Governor Kasich has been in Congress and knows full well that the government hasn’t “gone back on its commitment.” The brainstorm behind the “risk sharing” program was that insurers enjoying big margins would pay into a pool from which less profitable plans would be subsidized. But Congress stipulated that the program had to be budget neutral. Predictably, the profitable plans pay far less into the pool than the unprofitable plans lose. Yet Kasich, et al., want Congress to ignore the neutrality rule and cover insurer losses anyway. If that seems less than insightful, it is positively brilliant compared to their recommendation on the individual mandate:
Keep the individual mandate for now. Finally, to prevent a rapid exit of additional carriers from the marketplace, Congress should leave the individual mandate in place until it can devise a credible replacement. The current mandate is unpopular, but for the time being it is perhaps the most important incentive for healthy people to enroll in coverage. Until Congress comes up with a better solution — or states request waivers to implement a workable alternative — the individual mandate is necessary to keep markets stable in the short term.

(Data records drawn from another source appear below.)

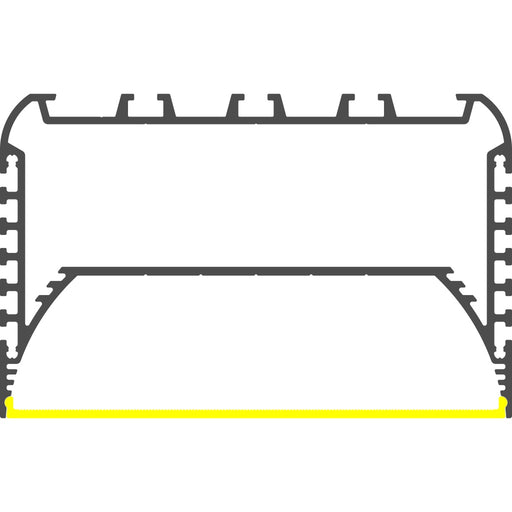 4.45" Surface/Flush or Linear LED suspension Lighting Channel ~ Model PLW116 - Wired4Signs USA - Buy LED lighting online
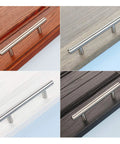 30 Pack 5 Inch Cabinet Pulls With 3 Inch Hole Center In Satin Nickel Premium Stainless Steel for kitchen cabinets on various wood finishes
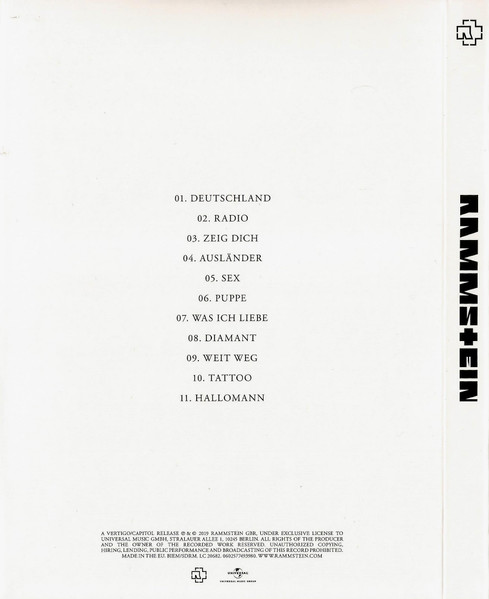 Rammstein - Untitled (CD, Album, S/Edition, DIN)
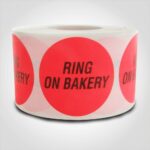 ring on bakery sticker label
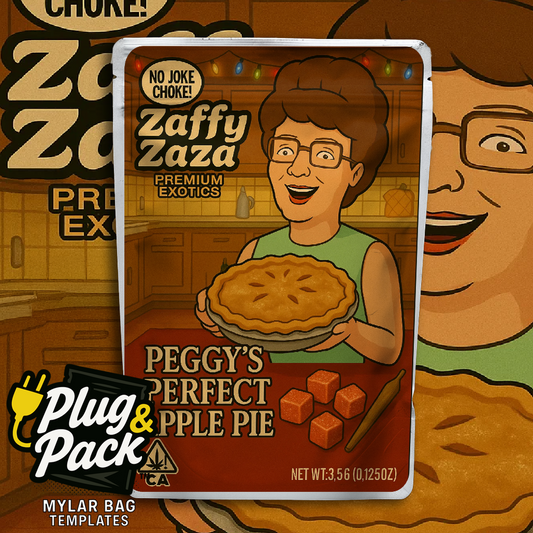 Zaffy Zaza Perfect Apple Pie (Digital Bag Template)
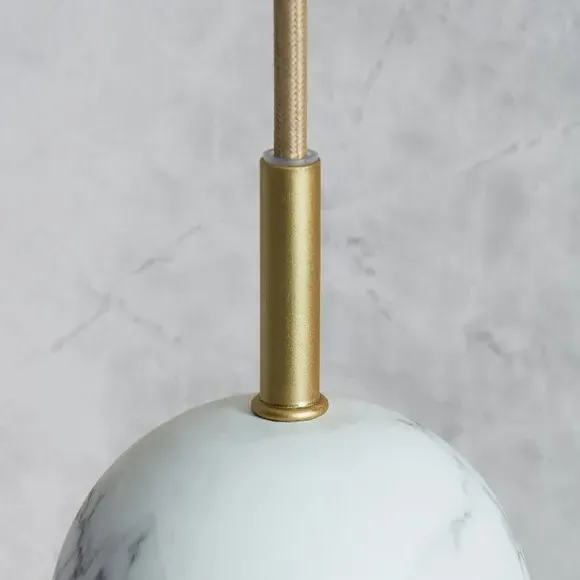 Adjustable Pendant Light - White, Metal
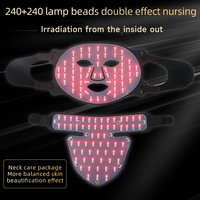 Masque facial LED portable en silicone à lumière rouge pour les utilisateurs d'ordinateurs – Kit de soin visage et cou en gros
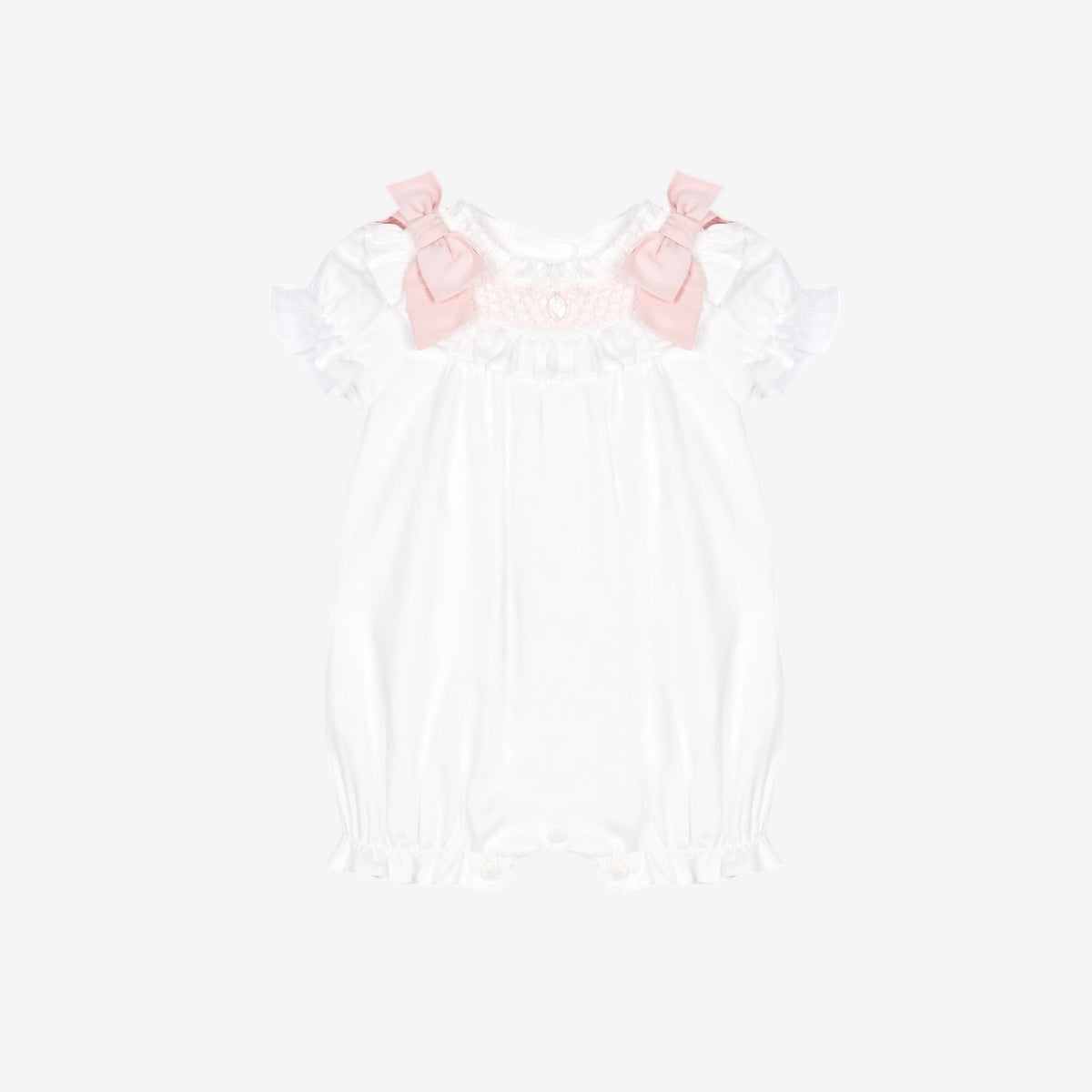 Patachou Baby Girl Romper with Pink Detail | Casa Childrenswear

The governors are evidently the last people in the galaxy who believe the individual mandate works. As they themselves point out, “Approximately 22 million people now purchase coverage through the individual market, but another 27 million remain uninsured.” They go on to claim that the mandate is the “most important incentive for healthy people to enroll in coverage.” Evidently, 27 million people failed to get that memo. The cost of a plan purchased through an Obamacare exchange is far more than the maximum penalty for failing to purchase coverage. For young, healthy individuals it makes more sense to pay the fine and bank the difference.

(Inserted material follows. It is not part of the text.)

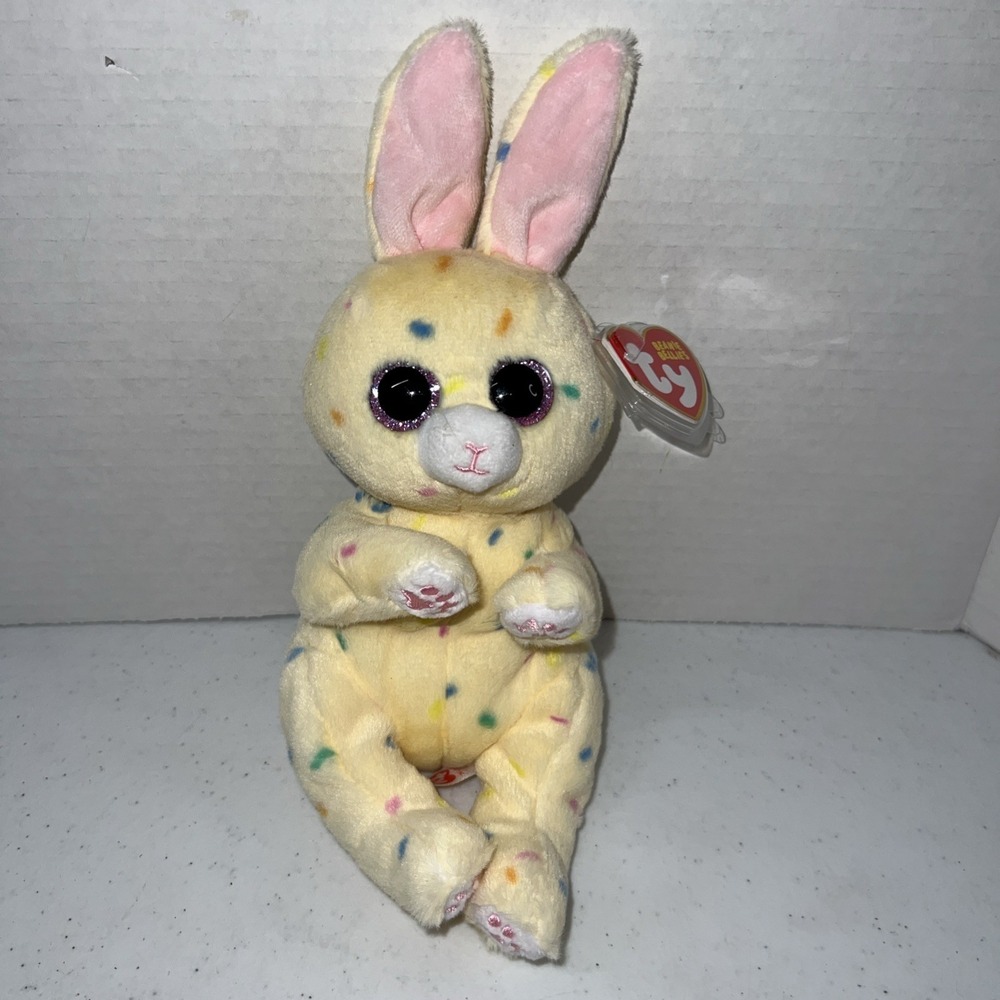 Ty Beanie Baby Bellies - CREAM the Easter Bunny Rabbit 10" 2023‎ MWMTs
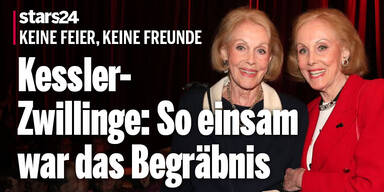 Kessler-Zwillinge: So einsam war das Begräbnis - keine Feier, keine Freunde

But Kasich & Co. don’t seem to get this, and the rest of their recommendations indicate there is much else they don’t understand about how the U.S. health care system works. They certainly have no idea what drives health care inflation, and offer no suggestion for controlling it that passes the laugh test. Yet it is very likely that Lamar Alexander and his HELP committee will use the recommendations of these governors as the basis for the inevitable proposal to bail out Obamacare. They are obviously determined to surrender to the Democrats on this issue, regardless of their promises to the voters during the last four election cycles.
Which brings us back to Ulysses S. Grant, whose opinion of people like Lamar Alexander, John Kasich, and other such trimmers he summed up as follows: “Cheap cigars come in handy. They stifle the odor of cheap politicians.”